In order to understand these numbers, you need a little extra
information. In order to do an instruction, ANY microprocessor
must:
(1) calculate any memory addresses.
(2) fetch the two operands (or the single operand if it is
an instruction like NOT).
(3) process the instruction and
(4) put the result in the destination.
While (3) will require the same amount of time whether the
operands are in memory or in registers, (1), (2) and (4) are all
different depending on where the operands are. Some machines
allow both operands to be in memory, but the 8086 does not.
Therefore, (1) is either NO memory addresses (if everything is in
registers) or ONE memory address.
Calculating a memory address involves (a) calculating the offset
from the beginning of the segment and (b) adding it to the
segment starting address. Part (a) is different depending on the
addressing mode. In terms of the speed of calculating (a) and
(b), the order is:
(i) one pointer
(ii) named variable (+ constant)
(iii) two pointers
(iv) one pointer + constant
(v) two pointers + constant
The reason that (ii) contains both "variable" and "variable +
constant" is that the addition (variable + constant) is done by
the assembler, not the 8086. By the time the 8086 sees it, it is
a single number. The constants in both (iv) and (v) need to be
added by the 8086, and this takes extra time. According to INTEL,
here is the time required for calculating all possible memory
addresses. Note that some pointers are marginally faster than
other pointers (this is trivial - don't worry about it).
____________________
1 All the speed numbers are from "Programmer's Pocket
Reference Guide", (c)1980, 1982 Intel Corporation.
______________________
The PC Assembler Tutor - Copyright (C) 1990 Chuck Nelson
The PC Assembler Tutor xxviii
______________________
ADDRESSING MODE CLOCKS (EA)
(i) [bx], [si], [di], [bp] 5
(ii) variable (+ constant) 6
(iii) [bp+di] or [bx+si] 7
[bp+si] or [bx+di] 8
(iv) ([bx] or [si] or [di] or [bp]) + constant 9
(v) ([bp+di] or [bx+si]) + constant 11
([bp+si] or [bx+di]) + constant 12
The most complicated memory address takes 2.4 times longer to
calculate than the simplest address. These calculation times will
be noted by EA (calculate Effective Address). Remember, if both
operands are in registers, this calculation does not have to be
done.
In order for you to see how all of this works, we'll use ADD as
an example. Don't start using the table till you understand this
example.
On the 8086, we normaly have the following possibilities for
source and destination:
register, register
register, memory
memory, register
register, constant
memory, constant
In Appendix II, we simply combined them as:
reg/mem, reg/mem
reg/mem, constant
We can't do this here because they all have different times. For
ADD they are:
ADD CLOCKS
register, register 3
register, memory 9 + EA
memory, register 16 + EA
register, constant 4
memory, constant 17 + EA
Notice how much faster using a register is. The EA stands for
"calculate Effective Address" and is the number from the list
above. If you have:
add ax, bx
that is "register, register", and it will take 3 clocks to
execute. If you have:
add [bx+di+9], 17
that is "memory, constant" and will take 17 + EA. What is EA
here? According to the above list, [BX+DI+CONSTANT] takes 12
Appendix III - Speeds and Flag Settings xxix
_______________________________________
cycles, so 17 + EA is 17 + 12 is 29, so this will take 29 clocks.

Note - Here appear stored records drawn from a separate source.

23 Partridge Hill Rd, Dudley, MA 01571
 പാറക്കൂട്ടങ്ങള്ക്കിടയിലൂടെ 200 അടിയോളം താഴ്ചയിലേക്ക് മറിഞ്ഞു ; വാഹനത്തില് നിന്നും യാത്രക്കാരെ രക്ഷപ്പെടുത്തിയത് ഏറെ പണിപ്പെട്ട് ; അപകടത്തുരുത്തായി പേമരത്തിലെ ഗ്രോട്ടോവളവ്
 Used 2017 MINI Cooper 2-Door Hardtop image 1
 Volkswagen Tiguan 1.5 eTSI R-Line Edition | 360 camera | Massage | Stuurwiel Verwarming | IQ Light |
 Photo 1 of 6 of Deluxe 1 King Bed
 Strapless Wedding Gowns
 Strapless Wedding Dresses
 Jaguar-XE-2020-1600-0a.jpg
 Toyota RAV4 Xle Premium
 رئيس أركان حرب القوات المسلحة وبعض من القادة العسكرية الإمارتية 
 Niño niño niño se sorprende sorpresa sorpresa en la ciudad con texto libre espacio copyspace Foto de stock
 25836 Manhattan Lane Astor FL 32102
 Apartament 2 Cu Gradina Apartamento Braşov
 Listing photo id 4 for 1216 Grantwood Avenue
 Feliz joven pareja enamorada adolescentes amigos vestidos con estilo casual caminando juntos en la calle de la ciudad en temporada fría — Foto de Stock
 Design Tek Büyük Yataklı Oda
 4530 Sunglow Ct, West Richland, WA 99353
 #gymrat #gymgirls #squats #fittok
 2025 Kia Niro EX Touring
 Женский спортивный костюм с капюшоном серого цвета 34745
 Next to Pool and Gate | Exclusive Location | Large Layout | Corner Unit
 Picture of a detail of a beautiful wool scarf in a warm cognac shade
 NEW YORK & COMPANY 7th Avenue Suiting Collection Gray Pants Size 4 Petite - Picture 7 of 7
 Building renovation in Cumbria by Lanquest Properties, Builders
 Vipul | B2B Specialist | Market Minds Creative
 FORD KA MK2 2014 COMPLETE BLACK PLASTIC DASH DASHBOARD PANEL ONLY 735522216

That's right. The one instruction is almost 10 times slower than
the other. If you can move things into some registers, do a
number of calculations, and then move them back to memory, you
can save a lot of time. Let's do a few examples to make sure that
you see all of them:
INSTRUCTION TYPE TIME
add variable1, bl memory, register 16 + EA = 22
add bl, variable1 register, memory 9 + EA = 15
add [si], di memory, register 16 + EA = 21
add di, [si] register, memory 9 + EA = 14
Examples 1 and 2 are the same except that source and destination
have been switched. The same applies to examples 3 and 4. Notice
that when the 8086 has to fetch the variable and then put the
result back in memory, it is significantly slower than when it
just gets the variable from memory and puts the result in a
register.
INSTRUCTION TYPE TIME
add ax, cx register, register 3
add di, 1876 register, constant 4
add variable1, 199 memory, constant 17 + EA = 23
To show you how the different types of EA effect the time, let's
do all 3 types of "source, destination" that involve memory.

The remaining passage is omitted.